WHAT YOU WILL DO.
An exact copy of all the lines below is required, with every image left out.

GIVEN RECORDS.
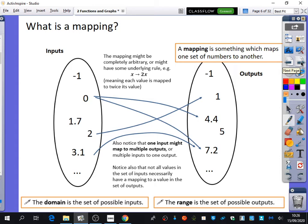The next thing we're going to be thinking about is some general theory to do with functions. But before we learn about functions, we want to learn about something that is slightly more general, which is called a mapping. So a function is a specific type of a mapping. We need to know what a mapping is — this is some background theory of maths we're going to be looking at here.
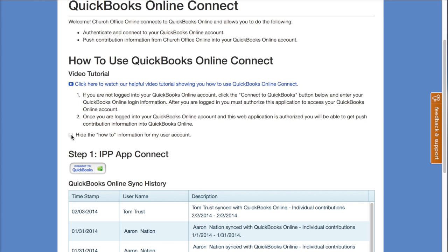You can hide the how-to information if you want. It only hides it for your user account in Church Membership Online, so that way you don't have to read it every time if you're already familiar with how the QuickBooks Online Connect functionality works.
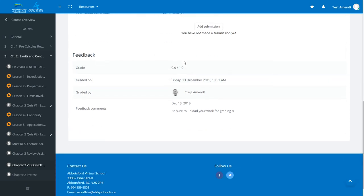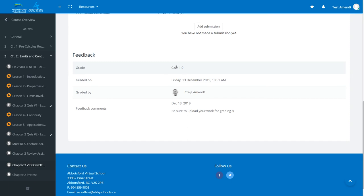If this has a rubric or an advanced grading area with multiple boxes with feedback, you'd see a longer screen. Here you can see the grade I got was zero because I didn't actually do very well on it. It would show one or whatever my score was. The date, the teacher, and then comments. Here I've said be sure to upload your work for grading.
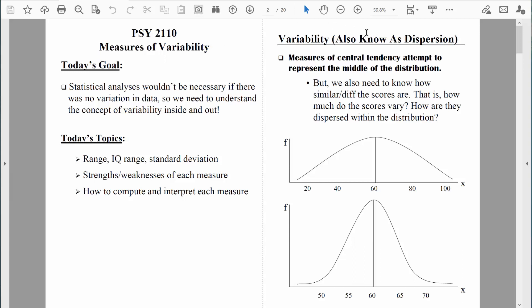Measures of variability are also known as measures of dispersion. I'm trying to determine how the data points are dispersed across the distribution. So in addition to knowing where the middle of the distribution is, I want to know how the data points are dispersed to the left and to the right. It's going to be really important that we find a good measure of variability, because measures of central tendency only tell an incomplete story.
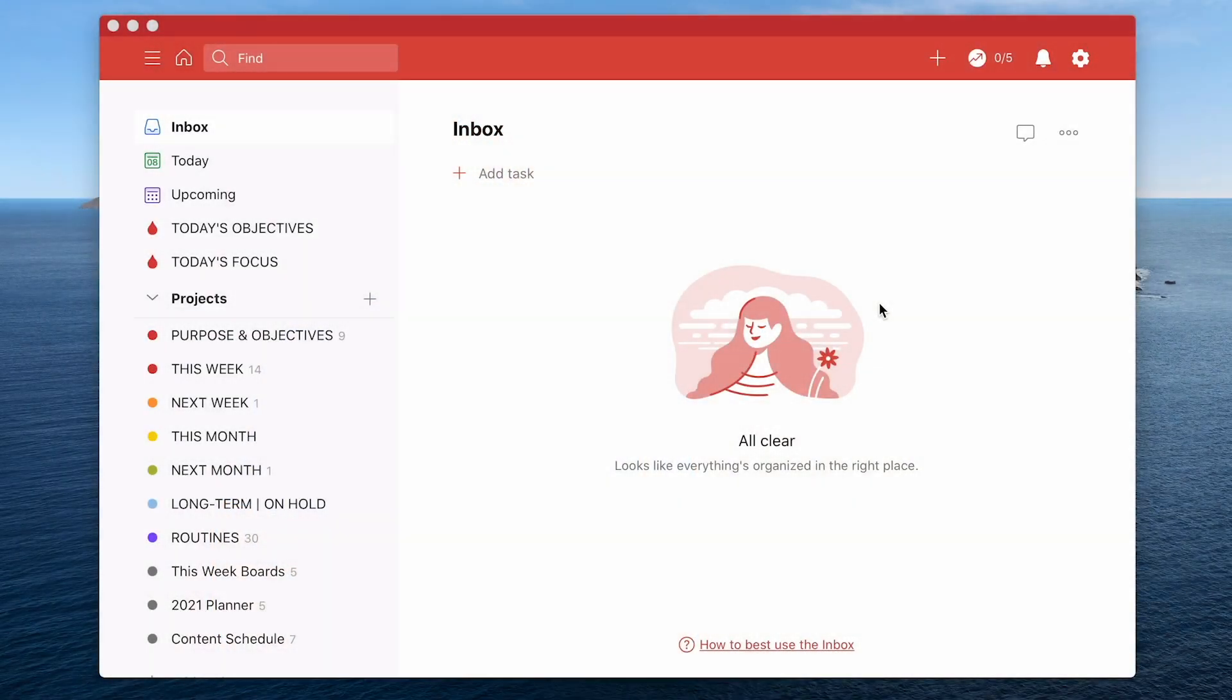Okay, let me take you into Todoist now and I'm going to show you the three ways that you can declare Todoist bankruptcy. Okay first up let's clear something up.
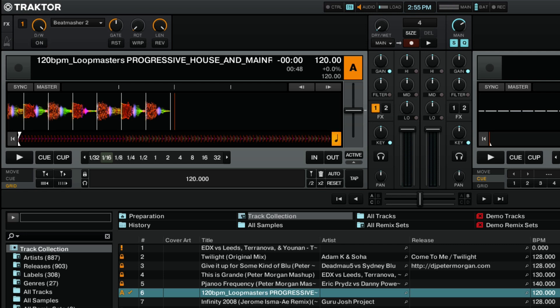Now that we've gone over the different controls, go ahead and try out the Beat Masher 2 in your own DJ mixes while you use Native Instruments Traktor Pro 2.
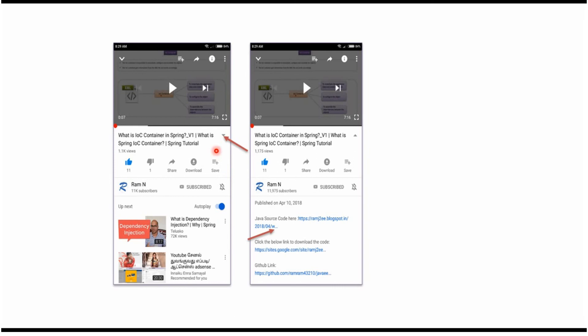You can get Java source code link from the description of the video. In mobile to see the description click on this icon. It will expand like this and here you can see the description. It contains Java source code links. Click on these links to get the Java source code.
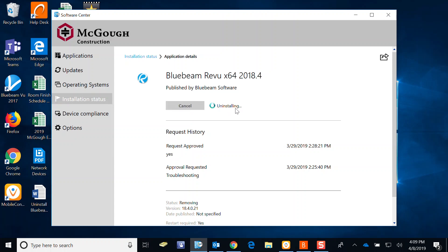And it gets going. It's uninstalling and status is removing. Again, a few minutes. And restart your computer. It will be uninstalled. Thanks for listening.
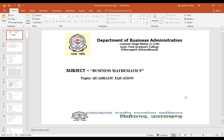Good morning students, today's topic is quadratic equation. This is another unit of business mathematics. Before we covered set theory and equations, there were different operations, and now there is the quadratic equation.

YOUR SOLUTION.
The next thing we're going to be thinking about is some general theory to do with functions. But before we learn about functions, we want to learn about something that is slightly more general, which is called a mapping. So a function is a specific type of a mapping. We need to know what a mapping is — this is some background theory of maths we're going to be looking at here.
You can hide the how-to information if you want. It only hides it for your user account in Church Membership Online, so that way you don't have to read it every time if you're already familiar with how the QuickBooks Online Connect functionality works.
If this has a rubric or an advanced grading area with multiple boxes with feedback, you'd see a longer screen. Here you can see the grade I got was zero because I didn't actually do very well on it. It would show one or whatever my score was. The date, the teacher, and then comments. Here I've said be sure to upload your work for grading.
Measures of variability are also known as measures of dispersion. I'm trying to determine how the data points are dispersed across the distribution. So in addition to knowing where the middle of the distribution is, I want to know how the data points are dispersed to the left and to the right. It's going to be really important that we find a good measure of variability, because measures of central tendency only tell an incomplete story.
Okay, let me take you into Todoist now and I'm going to show you the three ways that you can declare Todoist bankruptcy. Okay first up let's clear something up.
Now that we've gone over the different controls, go ahead and try out the Beat Masher 2 in your own DJ mixes while you use Native Instruments Traktor Pro 2.
You can get Java source code link from the description of the video. In mobile to see the description click on this icon. It will expand like this and here you can see the description. It contains Java source code links. Click on these links to get the Java source code.
And it gets going. It's uninstalling and status is removing. Again, a few minutes. And restart your computer. It will be uninstalled. Thanks for listening.
Good morning students, today's topic is quadratic equation. This is another unit of business mathematics. Before we covered set theory and equations, there were different operations, and now there is the quadratic equation.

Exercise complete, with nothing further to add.